There are few good things to say about this book. The best thing is on the very first page:

Some things never change: the sun rises in the morning. The sun sets in the evening. A lot of linguists don’t like statistics. I have spent a decade teaching English language and linguistics at various universities, and, invariably, there seems to be a widespread aversion to all things numerical. The most common complaint is that statistics is ‘too difficult’. The fact is, it isn’t. Or at least, it doesn’t need to be.

I laughed out hard in the train when reading this.

Not only do linguists not like numbers, they are not very good with them. This is exemplified with this textbook, which contains so many errors I get tired of writing notes in my PDF file.

By definition, the two approaches of analysis also differ in another respect: qualitative research is inductive, that is, theory is derived from the research results. Qualitative analysis is often used in preliminary studies in order to evaluate the research area. For example, we may want to conduct focus groups and interviews and analyse them qualitatively in order to build a picture of what is going on. We can then use these findings to explore these issues on a larger scale, for example by using a survey, and conduct a quantitative analysis. However, it has to be emphasized that qualitative research is not merely an auxiliary tool to data analysis, but a valuable approach in itself!

Quantitative research, on the other hand, is deductive: based on already known theory we develop hypotheses, which we then try to prove (or disprove) in the course of our empirical investigation. Accordingly, the decision between qualitative and quantitative methodology will have a dramatic impact on how we go about our research. Figures 2.1 and 2.2 outline the deductive and inductive processes graphically.

At the beginning of the quantitative-deductive process stands the hypothesis (or theory). As outlined below, a hypothesis is a statement about a particular aspect of reality, such as ‘the lower the socio-economic class, the more non-standard features a speaker’s language shows’. The hypothesis is based on findings of previous research, and the aim of our study is to prove or disprove it. Based on a precisely formulated hypothesis, or research question, we develop a methodology, that is, a set of instruments which will allow us to measure reality in such a way that the results allow us to prove the hypothesis right or wrong. This also includes the development of adequate analytic tools, which we will use to analyse our data once we have collected it. Throughout this book, I will keep reminding readers that it is paramount that hypothesis/research question and methodological analytical framework must be developed together and form a cohesive and coherent unit. In blunt terms, our data collection methods must enable us to collect data which actually fits our research question, as do our data analysis tools. This will become clearer in the course of this and subsequent chapters. The development of the methodological-analytical framework can be a time-consuming process; especially in complex studies we need to spend considerable time and effort developing a set of reliable and valid (see below) tools.

The author has perhaps heard some summary of Popper’s ideas about the hypothetical deductive method.

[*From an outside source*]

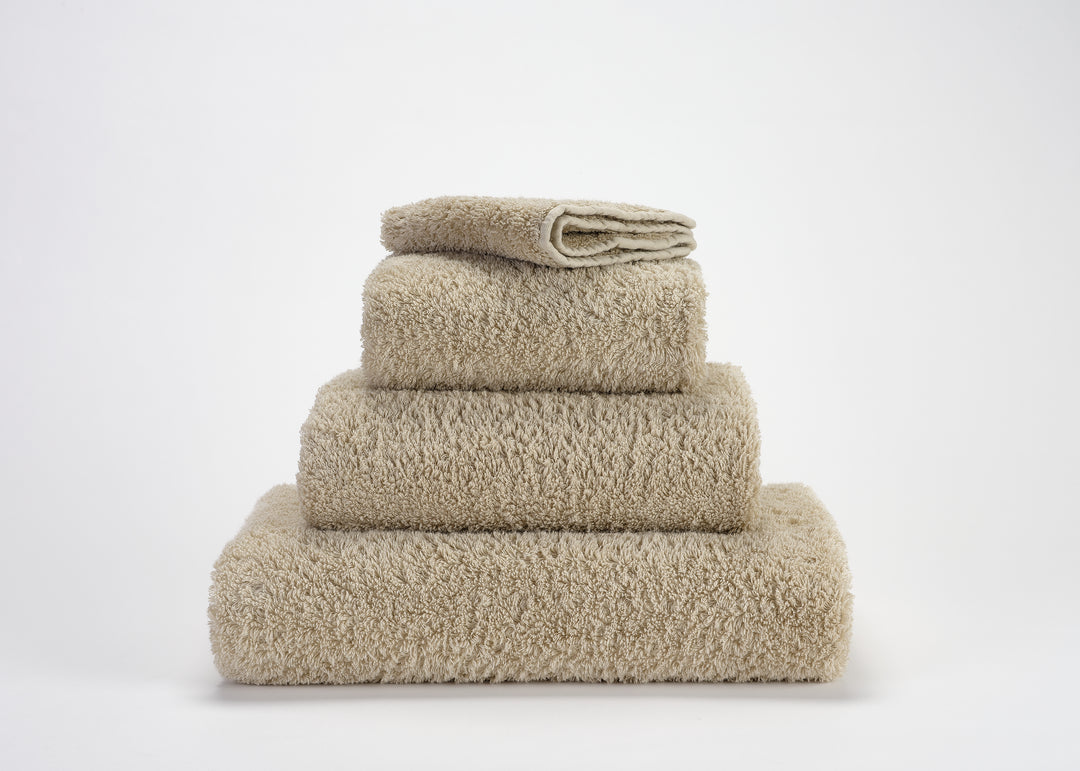 SUPER PILE TOWEL COLLECTION (Colors 770-920)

However, Popper aside, science is very much quantitative and inductive. The entire point of meta-analysis is to obtain good summary effects and to check whether results generalize across contexts (i.e. validity generalization á la Hunter and Schmidt).

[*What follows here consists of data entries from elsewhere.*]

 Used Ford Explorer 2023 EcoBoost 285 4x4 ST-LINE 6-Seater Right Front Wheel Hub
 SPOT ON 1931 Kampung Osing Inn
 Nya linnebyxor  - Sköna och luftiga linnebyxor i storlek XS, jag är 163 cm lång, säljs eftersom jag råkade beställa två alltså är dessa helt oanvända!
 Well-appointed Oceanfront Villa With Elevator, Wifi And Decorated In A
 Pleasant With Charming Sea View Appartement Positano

But that is not all. He then even gets the standard Popperian view wrong. When we confirm a prediction (we pretend to do so, when there is no pre-registration), we don’t prove the theory. That would be an instance of affirming the consequent.

As for qualitative methods being deductive. That makes little sense. I have taken such classes, they usually involve interviews, which is certainly empirical and inductive.

So, in what situations can (and should) we not use a quantitative but a qualitative method? Remember from above that quantitative research is deductive: we base our question and hypotheses on already existing theories, while qualitative research is deductive and is aimed at developing theories. Qualitative research might come with the advantage of not requiring any maths, but the advantage is only a superficial one: not only do we not have a profound theoretical basis, but we also very often do not know what we get – for inexperienced researchers this can turn into a nightmare.

This passage made me very confused because he used deductive twice by error.

[some generally sensible things about correlation and cause]. In order to be able to speak of a proper causal relationship, our variables must show three characteristics:

  • a They must correlate with each other, that is, their values must co-occur in a particular pattern: for example, the older a speaker, the more dialect features you find in their speech (see Chapter Seven).
  • b There must be a temporal relationship between the two variables X and Y, that is, Y must occur after X. In our word-recognition example in Section 2.4, this would mean that for speed to have a causal effect on performance, speed must be increased first, and drop in participants’ performance occurs afterwards. If performance decreases before we increase the speed, it is highly unlikely that there is causality between the two variables. The two phenomena just co-occur by sheer coincidence.
  • c The relationship between X and Y must not disappear when controlled for a third variable.

It has been said that causation implies correlation, but I think this is not strictly true. Another variable could have a statistical suppressor effect, making the correlation between X and Y disappear.

Furthermore, correlation is a measure of a linear relationship, but causation does could be non-linear and thus show a non-linear statistical pattern.

Finally, (c) is just wrong. For instance, if X causes A, …, Z and Y, and we control for A, …, Z, the correlation between X and Y will greatly diminish or disappear because we are indirectly controlling for X. A brief simulation:

N = 1000
d_test = data.frame(X = rnorm(N),
Y = rnorm(N) + X, #X causes Y
A1 = rnorm(N) + X, #and also A1-3
A2 = rnorm(N) + X,
A3 = rnorm(N) + X)

partial.r(d_test, 1:2, 3:5)

The rXY is .71, but the partial correlation of XY is only .44. If we added enough control variables we could eventually make rXY drop to ~0.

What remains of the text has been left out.